Data —

#####

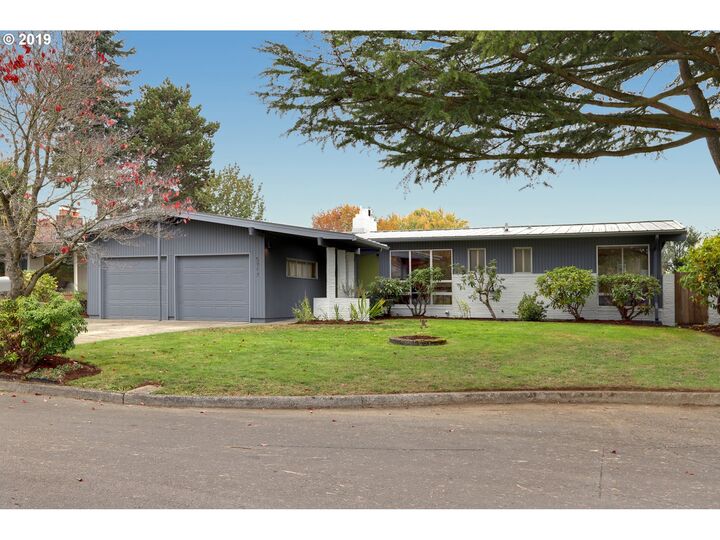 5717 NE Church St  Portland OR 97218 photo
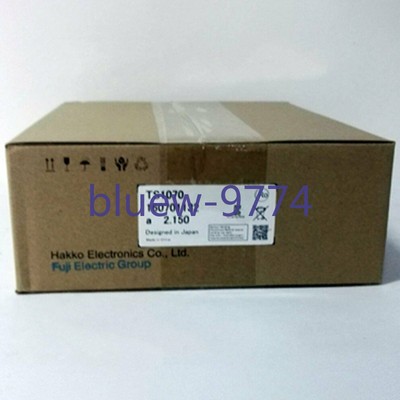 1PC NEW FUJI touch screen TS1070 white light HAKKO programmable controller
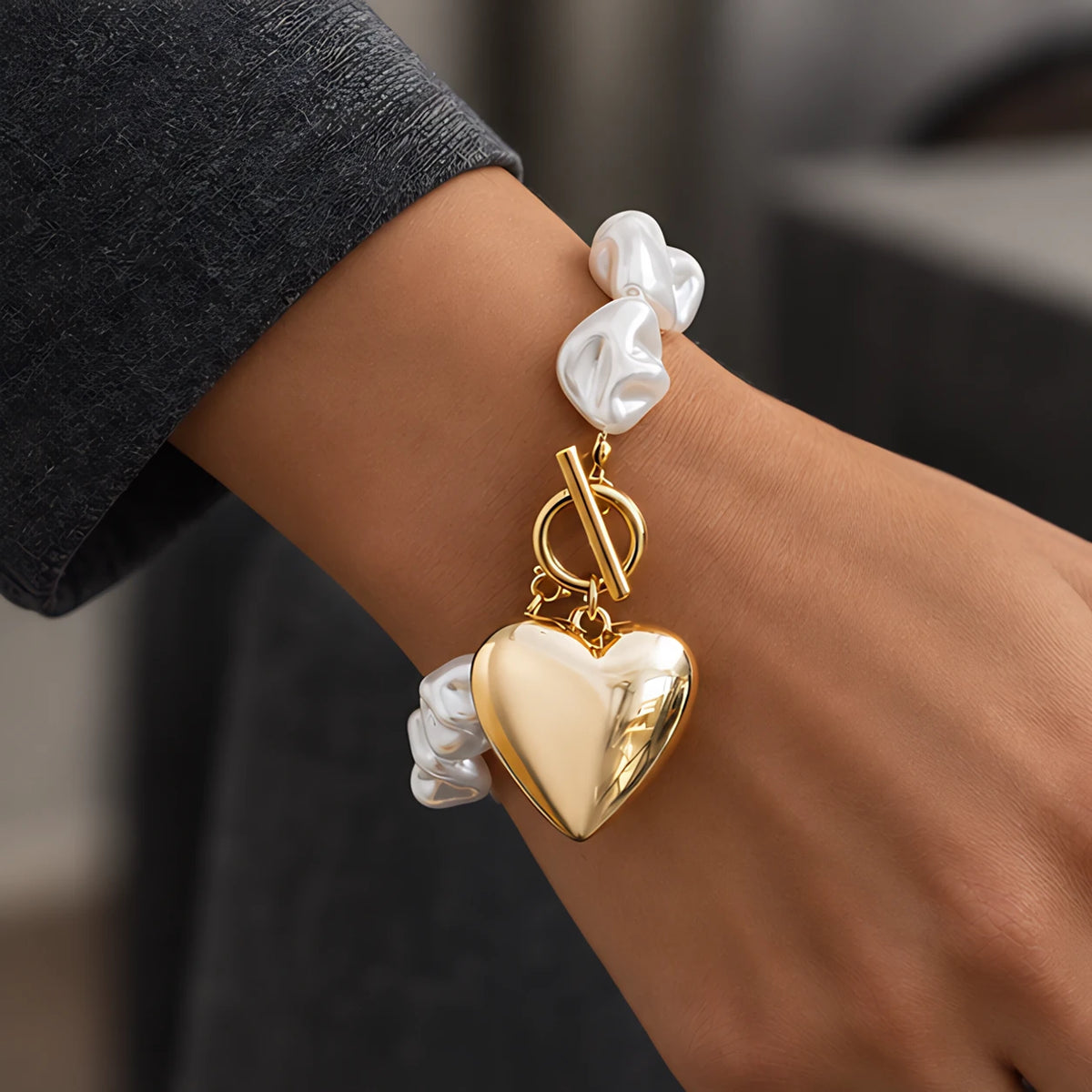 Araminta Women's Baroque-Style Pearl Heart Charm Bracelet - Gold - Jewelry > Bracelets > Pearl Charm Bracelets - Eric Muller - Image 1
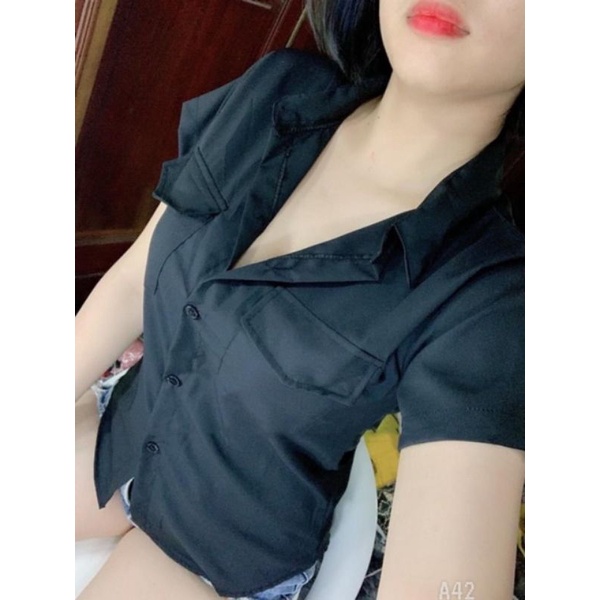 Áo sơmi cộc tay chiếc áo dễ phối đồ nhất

#####

Exercise goal — Leaving the pictures out, output each line of the listing exactly.

Output for this task —
 5717 NE Church St  Portland OR 97218 photo
 1PC NEW FUJI touch screen TS1070 white light HAKKO programmable controller
 Araminta Women's Baroque-Style Pearl Heart Charm Bracelet - Gold - Jewelry > Bracelets > Pearl Charm Bracelets - Eric Muller - Image 1
 Áo sơmi cộc tay chiếc áo dễ phối đồ nhất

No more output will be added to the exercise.